**EXERCISE GOAL:**
Omit every image, and transcribe the remaining entries exactly as given.

**RECORDS SHOWN:**

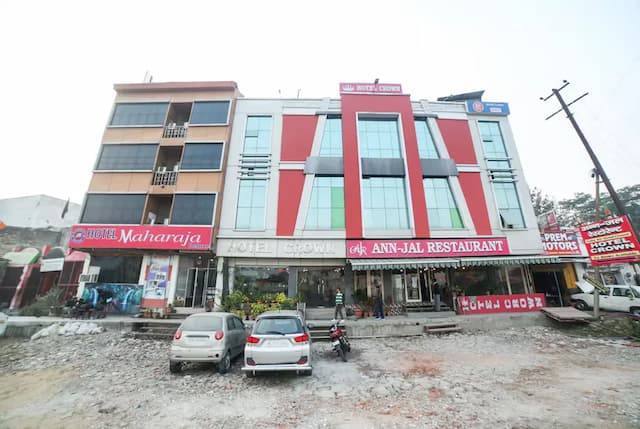 hotel-image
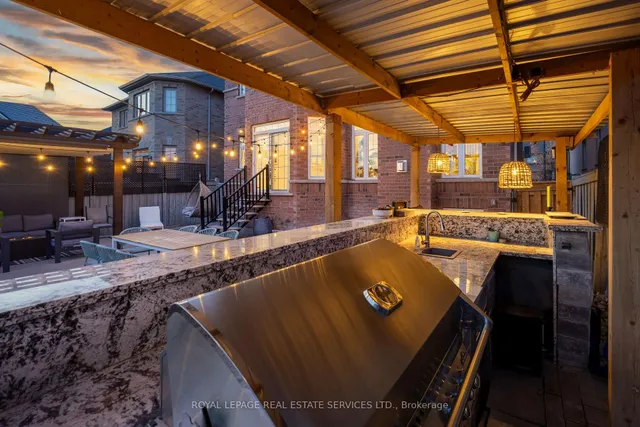 Additional image 34 of 606 Nairn Circ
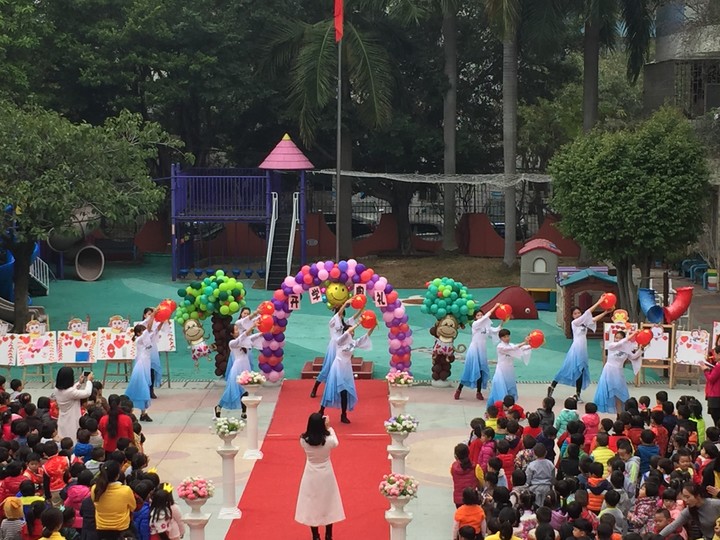 ��һ����(�й�)�ٷ���վ-Bsports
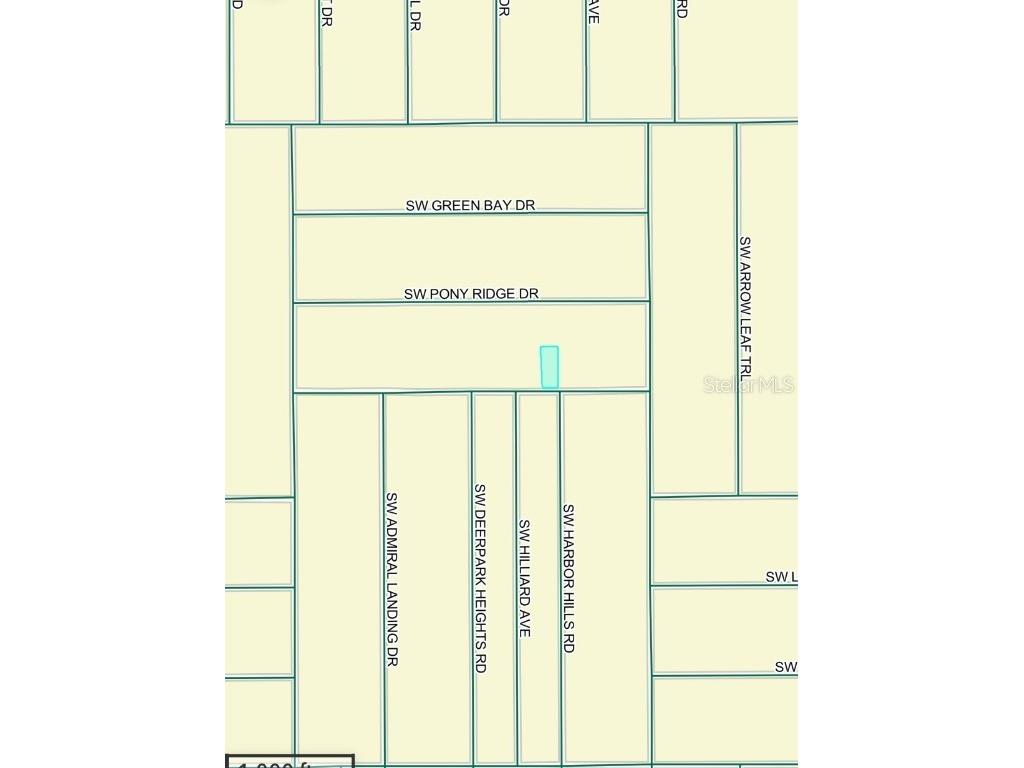LOT 35 SW Cottonwood Lane Dunnellon FL 34431 OM706724 image7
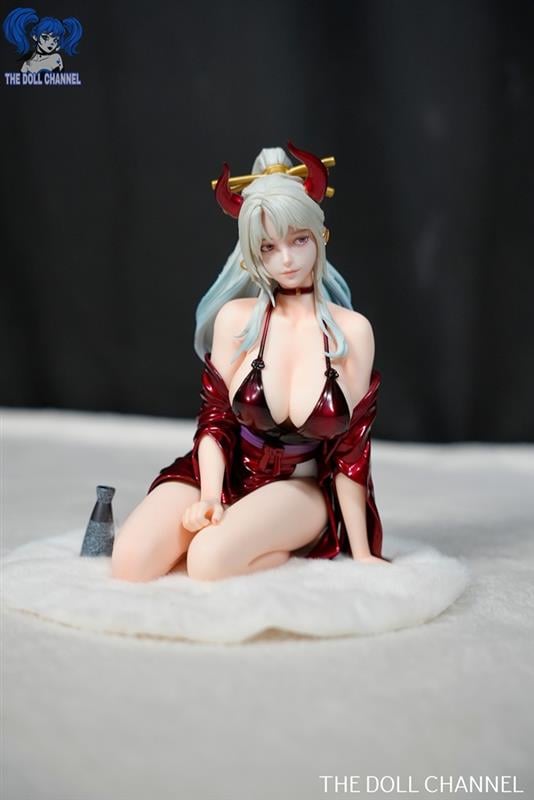 In Stock Hannah Rugmilk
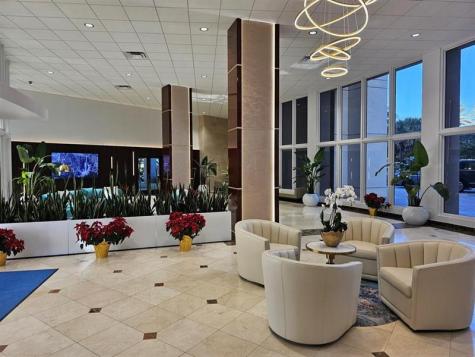 4100 Galt Ocean Drive Fort Lauderdale FL 33308
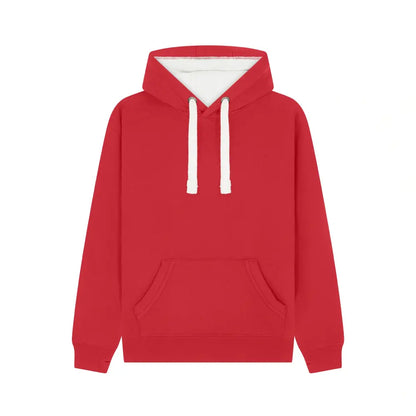 Ultra Premium Hoodie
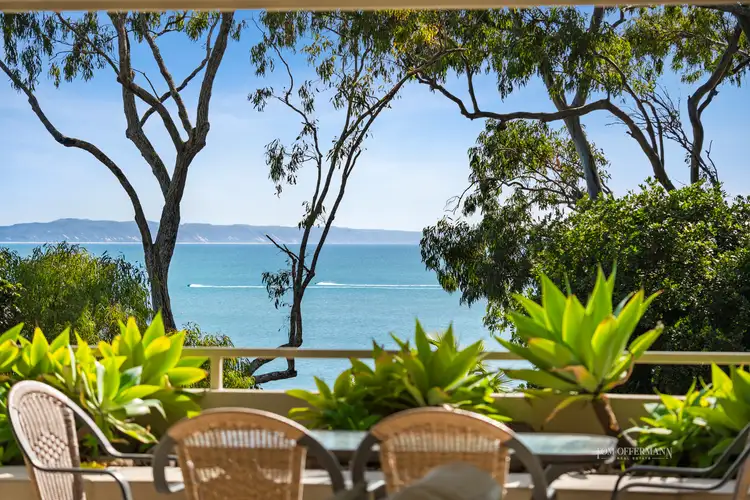 5/18 Park Road, Noosa Heads QLD 4567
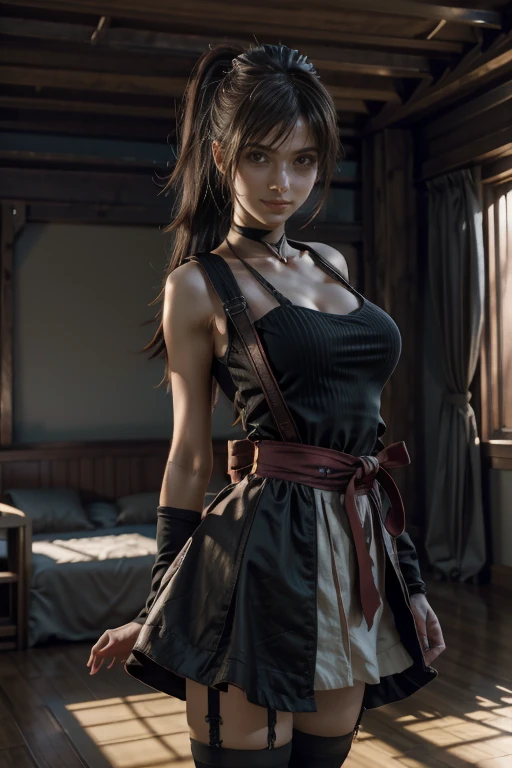 woman masturbating、Bare crotch、Crouching、Super detailed、Particles of light:0.5、Beautiful Eyes、Natural Texture、Reisalin "Ryza" Stout (Lizalynn Stout) - Atelier Ryza: Ever Darkness & the Secret Hideout The Animation (Ryza no Atelier: Tokoyami no Joou to Himitsu no Kakurega) (Atelier Ryza ~The Queen of Darkness and her Secret Hideout~) - COMMISSION、、Off the shoulder、sexual temptation、Put your hands on your pants and pull them down
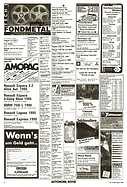 Seite 6 von AR Nr. 18 / 1996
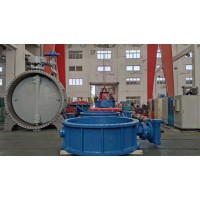 2026年3月止回阀供应商推荐，案例佐证与市场口碑深度解析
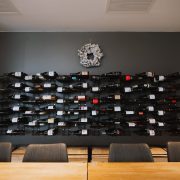 © Wine Notes chez Clos & vins_Serrières - <em>Clos & Vins</em>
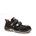 Elten werksandalen - SCOTT - ESD S1P - maat 41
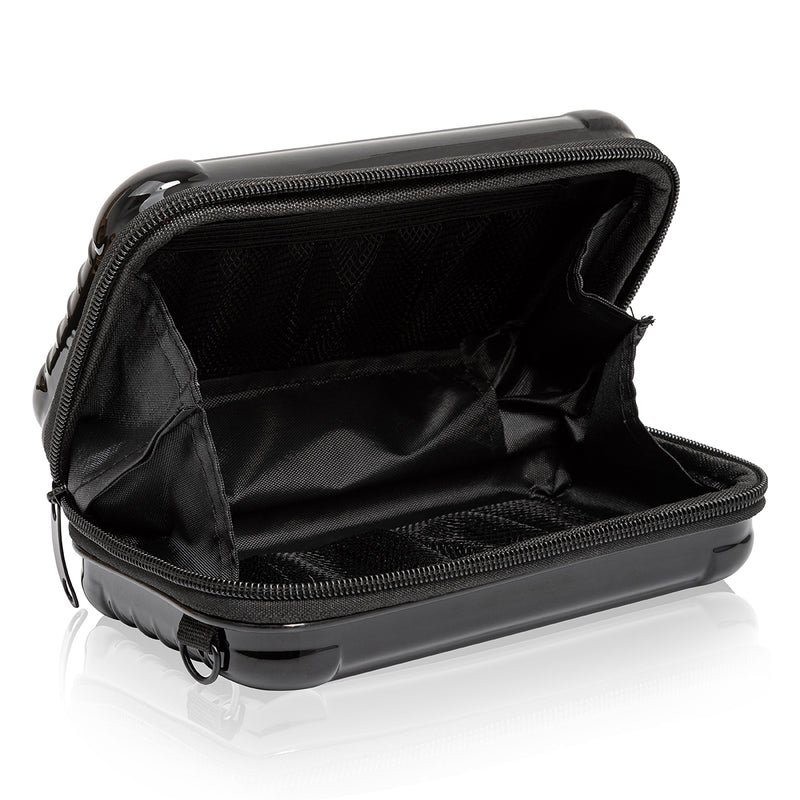 Meriton Suites Travel Case
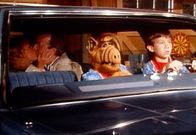 Alf – Alf (1988)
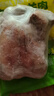 羊小柒 宁夏滩羊 原切羔羊肋排2斤/袋 手抓羊排骨清真 烧烤食材 实拍图
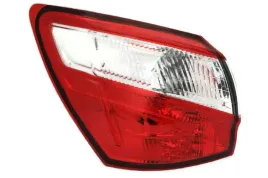 nissan-qashqai-10-lampa-tylna-led-lewa-depo
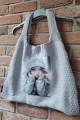 Dzianinowa-torba-laleczka-Minouu-w-Selavifashion.pl.jpg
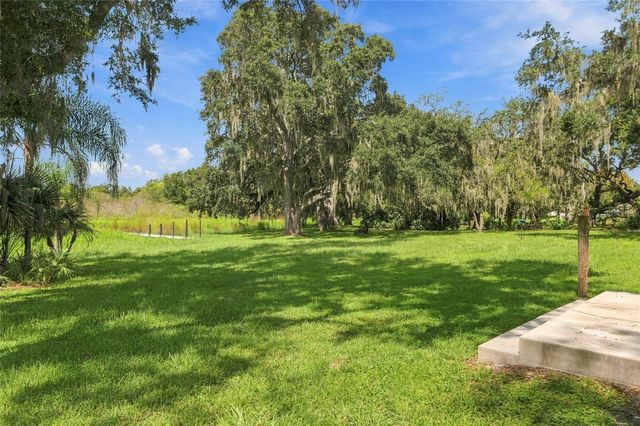 5413 BERNADETTE DRIVE, Zephyrhills, FL 33541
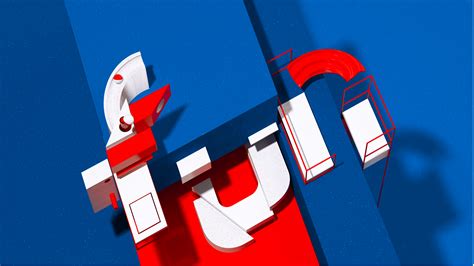 We did not find results for: tvN Channel Branding on Behance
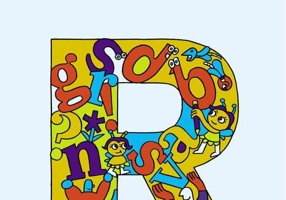 Comunicare în limba română. Caietul elevului. Clasa I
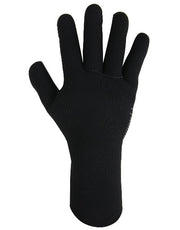 Typhoon Storm3 Gloves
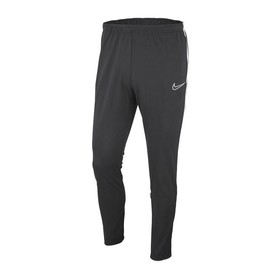 Спортивные брюки Nike Dry Academy 19 Grey Спортивные брюки Nike Dry Academy 19 Grey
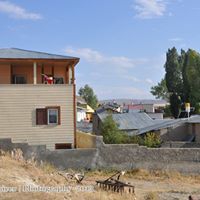 Bayburt Yolaltı Köyü Resimleri 11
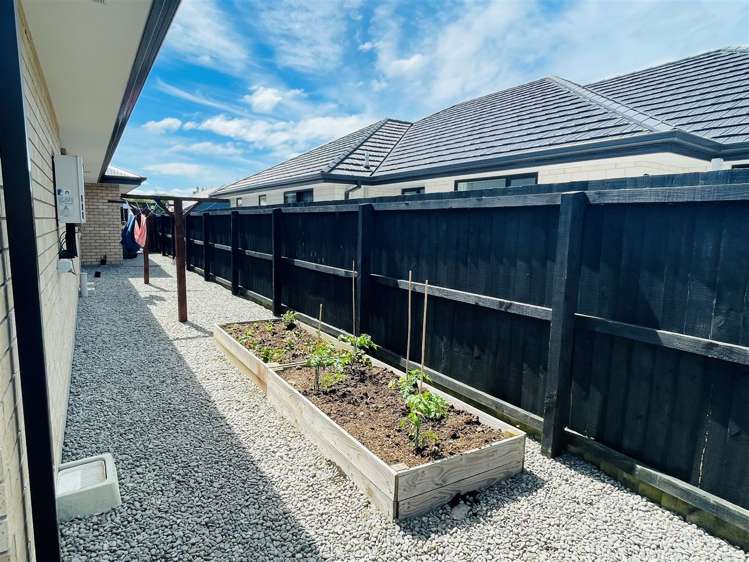 23 Ormond Road Lincoln_15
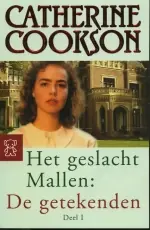 1 De getekenden - Catherine Cookson Populair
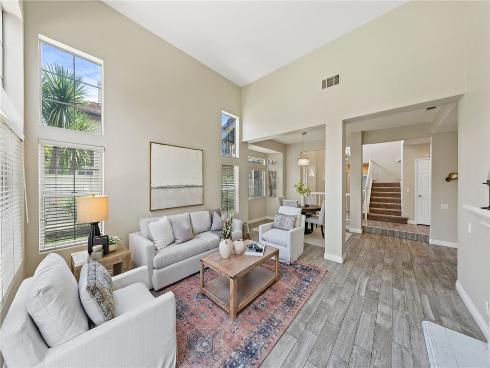 5485  Ryan   Drive, Yorba Linda, CA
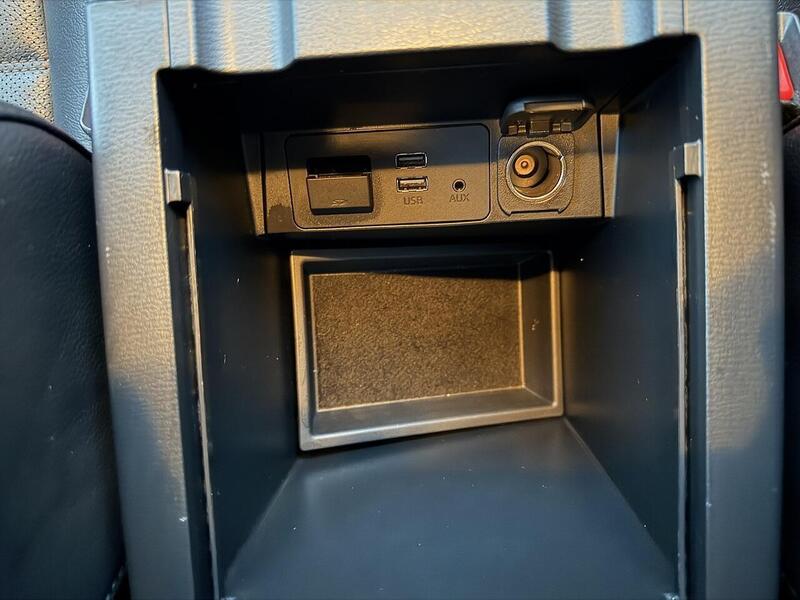 Used Mazda CX-5 2017 for sale - 77298333: Photo 43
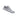 Jordan 1 Low Wolf Grey (Women's) DC0774-105 product image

**RESPONSE TO THIS EXERCISE:**
 hotel-image
 Additional image 34 of 606 Nairn Circ
 ��һ����(�й�)�ٷ���վ-Bsports
LOT 35 SW Cottonwood Lane Dunnellon FL 34431 OM706724 image7
 In Stock Hannah Rugmilk
 4100 Galt Ocean Drive Fort Lauderdale FL 33308
 Ultra Premium Hoodie
 5/18 Park Road, Noosa Heads QLD 4567
 woman masturbating、Bare crotch、Crouching、Super detailed、Particles of light:0.5、Beautiful Eyes、Natural Texture、Reisalin "Ryza" Stout (Lizalynn Stout) - Atelier Ryza: Ever Darkness & the Secret Hideout The Animation (Ryza no Atelier: Tokoyami no Joou to Himitsu no Kakurega) (Atelier Ryza ~The Queen of Darkness and her Secret Hideout~) - COMMISSION、、Off the shoulder、sexual temptation、Put your hands on your pants and pull them down
 Seite 6 von AR Nr. 18 / 1996
 2026年3月止回阀供应商推荐，案例佐证与市场口碑深度解析
 © Wine Notes chez Clos & vins_Serrières - <em>Clos & Vins</em>
 Elten werksandalen - SCOTT - ESD S1P - maat 41
 Meriton Suites Travel Case
 Alf – Alf (1988)
 羊小柒 宁夏滩羊 原切羔羊肋排2斤/袋 手抓羊排骨清真 烧烤食材 实拍图
 nissan-qashqai-10-lampa-tylna-led-lewa-depo
 Dzianinowa-torba-laleczka-Minouu-w-Selavifashion.pl.jpg
 5413 BERNADETTE DRIVE, Zephyrhills, FL 33541
 We did not find results for: tvN Channel Branding on Behance
 Comunicare în limba română. Caietul elevului. Clasa I
 Typhoon Storm3 Gloves
 Спортивные брюки Nike Dry Academy 19 Grey Спортивные брюки Nike Dry Academy 19 Grey
 Bayburt Yolaltı Köyü Resimleri 11
 23 Ormond Road Lincoln_15
 1 De getekenden - Catherine Cookson Populair
 5485  Ryan   Drive, Yorba Linda, CA
 Used Mazda CX-5 2017 for sale - 77298333: Photo 43
 Jordan 1 Low Wolf Grey (Women's) DC0774-105 product image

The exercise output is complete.